Hi Øystein,
thanks for the review. Please see below.
Øystein Grøvlen, 18.12.2008 12:20:
>
> Thanks, for the patch, Ingo. I have a few comments and questions that
> I want your response to before I finalize the review:
>
> 1. The new tests fail on Solaris x86 because a lot of warnings like
> this:
>
> +Warning 1292 Truncated incorrect DOUBLE value: 'A'
>
> I think this is because your select query compares a varchar column
> to an integer (see [1], [3] inline.)
After applying the patch to a current tree, I saw these warnings on
Linux too. Fixed.
>
> 2. If a understand the patch correctly, it is the change to kernel.cc
> that fixes the problem. The changes to mf_keycache.c is to prevent
> future crashes with similar bugs?
Yes, but the order of fixes were reverse. The initial behavior of the
bug was a crash in keycache code. I fixed this first. Only then I found
the kernel.cc problem.
>
> 3. Are there any recommended policy for splitting test cases between
> different test files? Why should not your test case go into
> existing an existing backup test that tests myisam related stuff?

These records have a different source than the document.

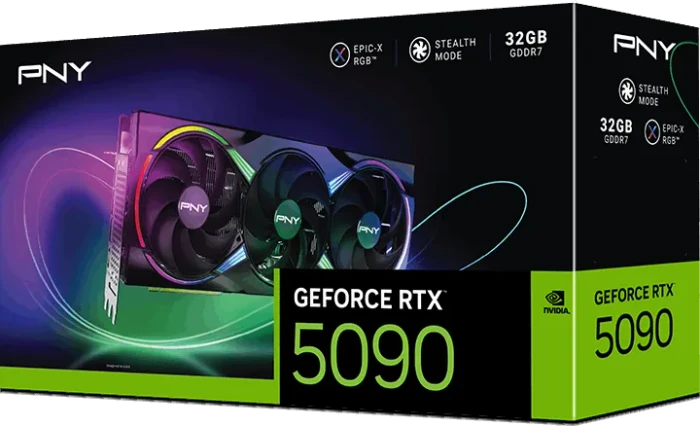 PNY GeForce RTX 5090 ARGB Epic-X RGB Triple Fan, 32GB GDDR7, HDMI, 3x DP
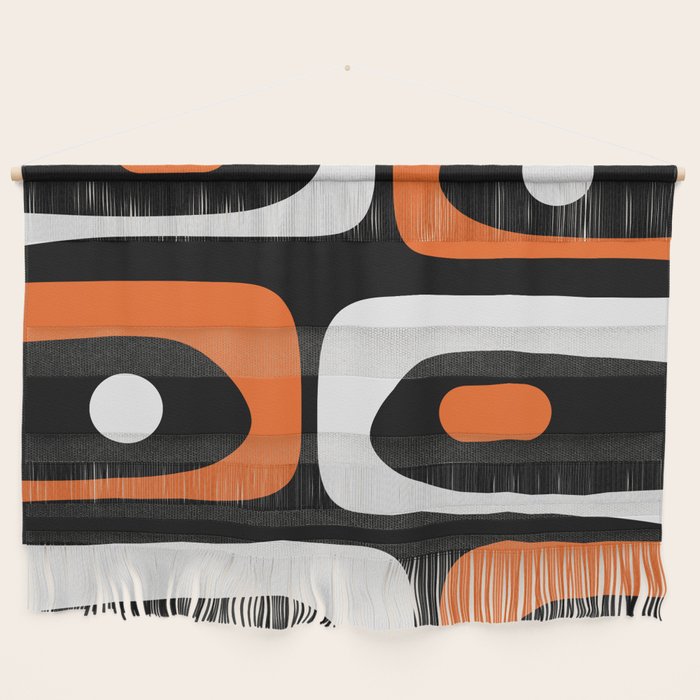 Mid Century Modern Piquet Retro Abstract Pattern Black Orange White Wall Hanging Gallery Image 1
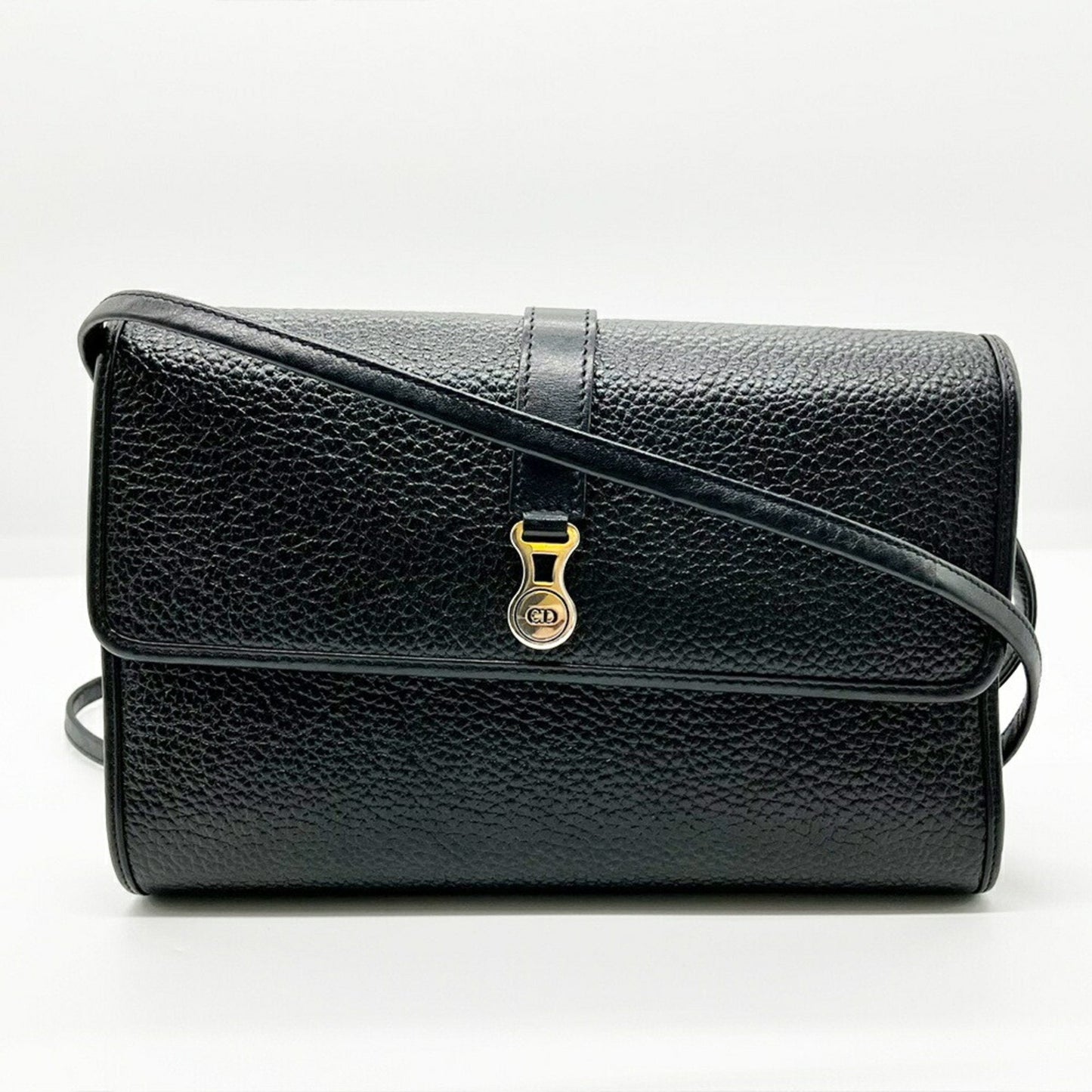 Dior Handbag Christian Pochette Shoulder Bag 2 Leather Black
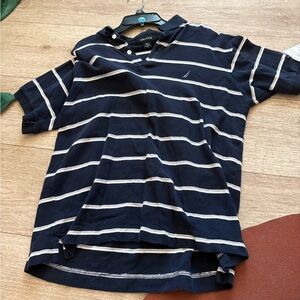 Nautica Polo in Navy and White Stripes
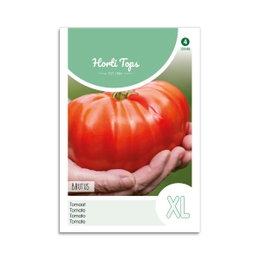 Horti Tops Brutus tomatfrø XL Frøpose med stor Brutus tomat i hænder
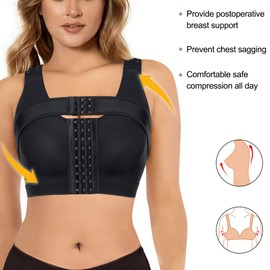 Bafully Women Post Surgery Front Closure Sports Bra with Breast Support Wirefree Racerback (Black, L)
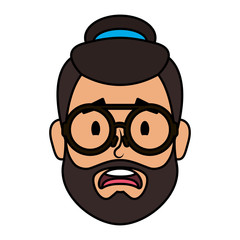head man bearded with hat and eyeglasses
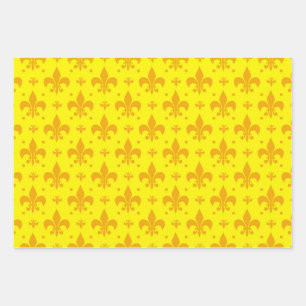 Yellow Fleur-de-lis Pattern Design Wrapping Paper Sheet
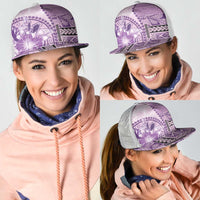 Samoa Siapo Elegant Mesh Trucker Cap Hibiscus Violet Motifs - Polynesian Pride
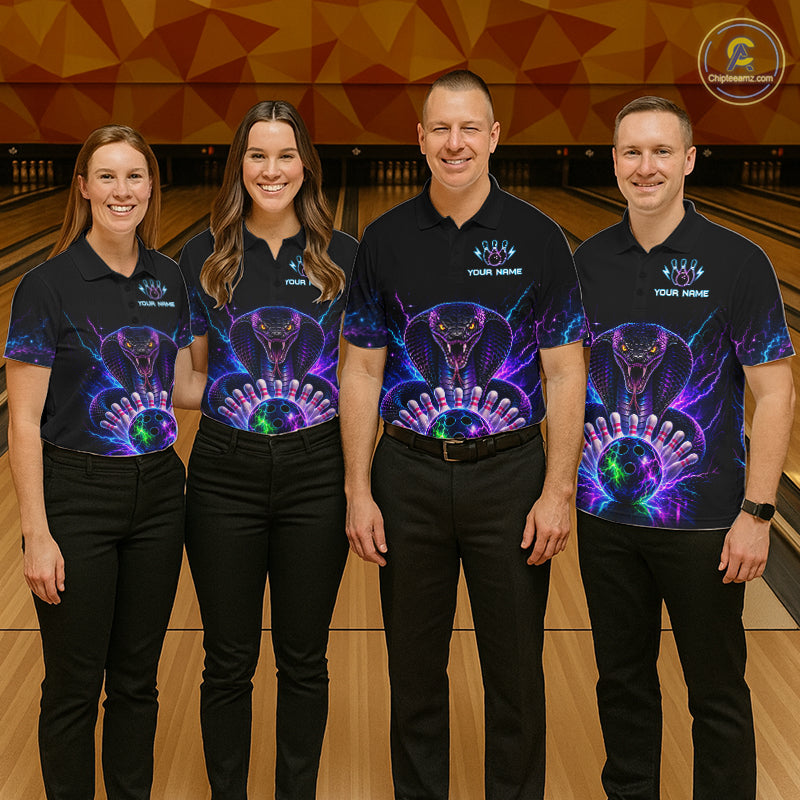 Bowling team wearing matching neon cobra bowling jerseys during league matches front view.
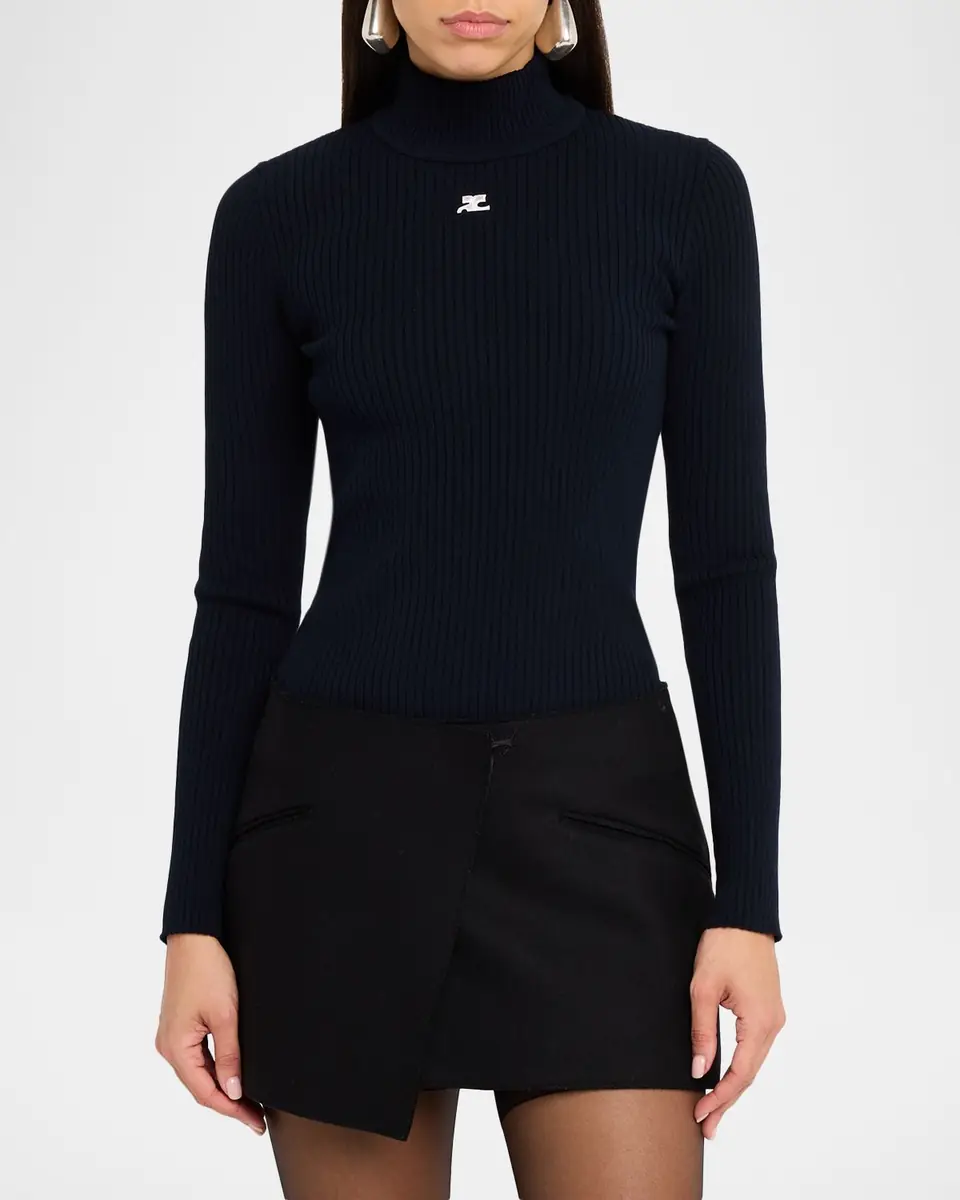 Courrèges Turtleneck Long-Sleeve Rib Sweater | Thumbnail 4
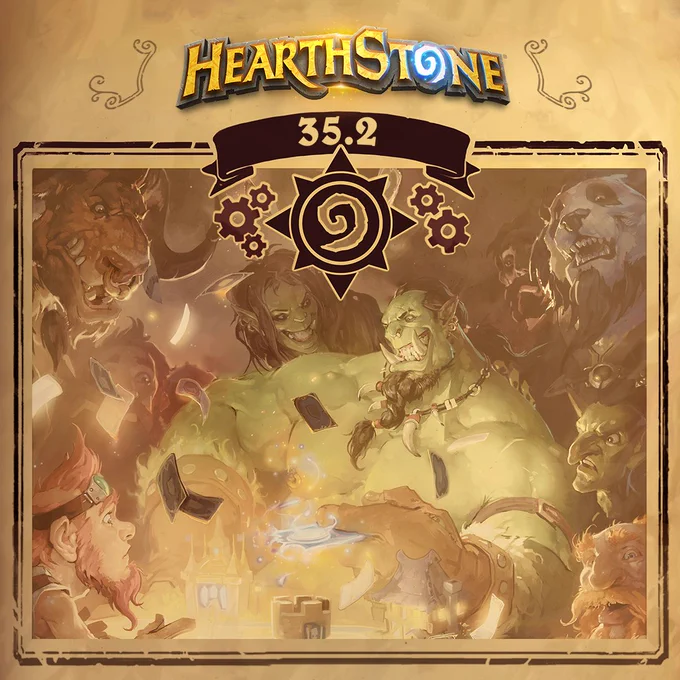 Hearthstone 35.2: A group of characters, including orcs, a pandaren, and a gnome, are gathered around a table with cards and glowing objects. A logo with gears is above them.\n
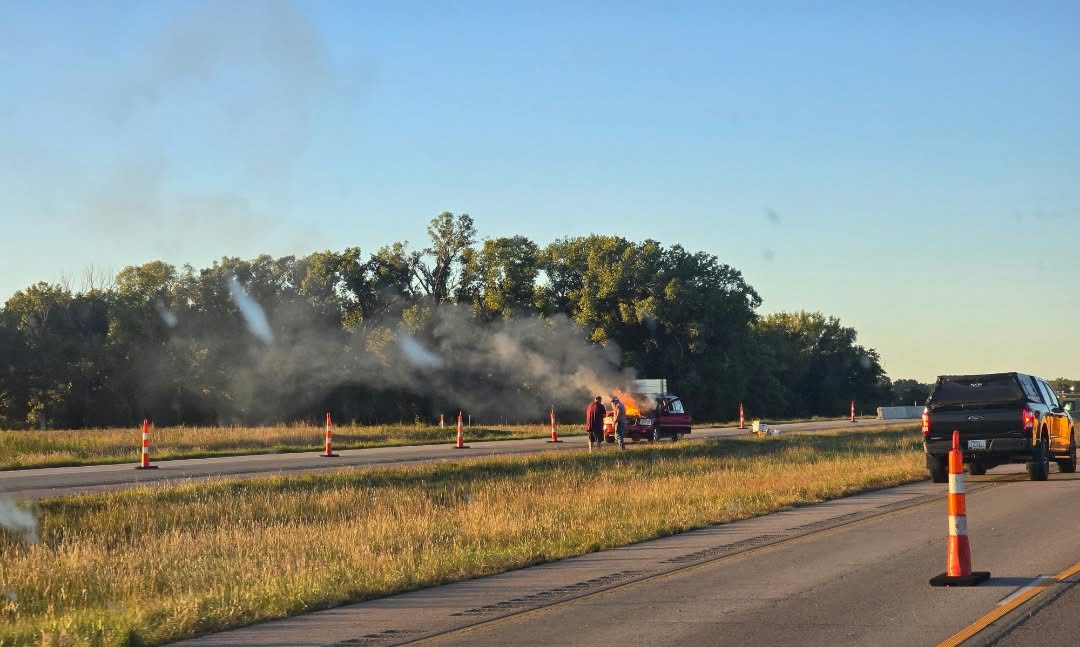 Vehicle Fire on I-135 South of Lindsborg Exit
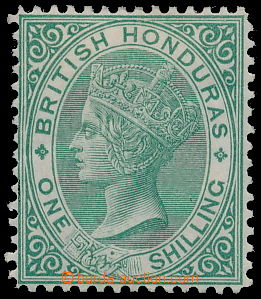 187595 - 1872-1879 SG.16, Viktorie 1Sh zelená; nepatrný šikmý ohy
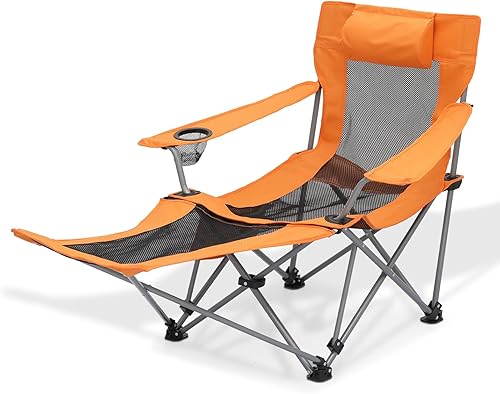 Magshion Silla de camping plegable reclinable con reposapiés para adultos, silla plegable resistente con reposapiés, color naranja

> I am also unsure about the naming, and think I would like something
> more informative that just a number to distinguish between
> different backup/myisam tests.
I don't know of a policy for this. In contrast, I have seen different
opinions about test case splitting. One voice did even suggest to have
one test case per bug fix. ;-)
My first attempt was to add the new tests to one of the other
backup_myisam tests. But then I found that they run with different setups.
backup_myisam1 has an option file to enable --external-locking. This has
a high potential to fail on Windows. So we better keep this test case as
short as possible.
backup_myisam2 requires have_debug_sync. This test case will not
normally run on a production server. So it should get only those tests
that require synchronization.
So I made a new test case with no special setup, which can be used for
all MyISAM specific tests that don't require any.
How would you rename that test case?
backup.backup_myisam_with_external_locking.test,
backup.backup_myisam_with_debug_sync.test,
backup.backup_myisam_normal.test, and
backup.backup_myisam_normal_coverage.test?
>
> 4. The backup_myisam3_coverage test is just the same as the
> backup_myisam3 test, but with error injection. It does not seem to
> me that it attempts to test the actions performed upon error.
What error do you mean here?
> If I
> understand correctly, in case of the injected error, the server
> will flush all tables. However, there are only one table around,
> so the test performs the same actions as without error injection.
Coverage testing has a different goal. Its intention is to have every
line of new or changed code executed. Without error injection, I was not
able to let the execution run through the inner close_cached_tables().
Indeed, in this test case it performs exactly the same operation as the
outer close_cached_tables() does without error injection.
But this is an excellent example to show, what coverage testing can do
and cannot do.
Though I run through each line of code now, I still don't test more
cases than without coverage testing. The effort seems wasted.
However, before I added the coverage test, the error handling within the
loop looked different. Basically I copied the loop from
Backup_restore_ctx::lock_tables_for_restore() and modified it slightly.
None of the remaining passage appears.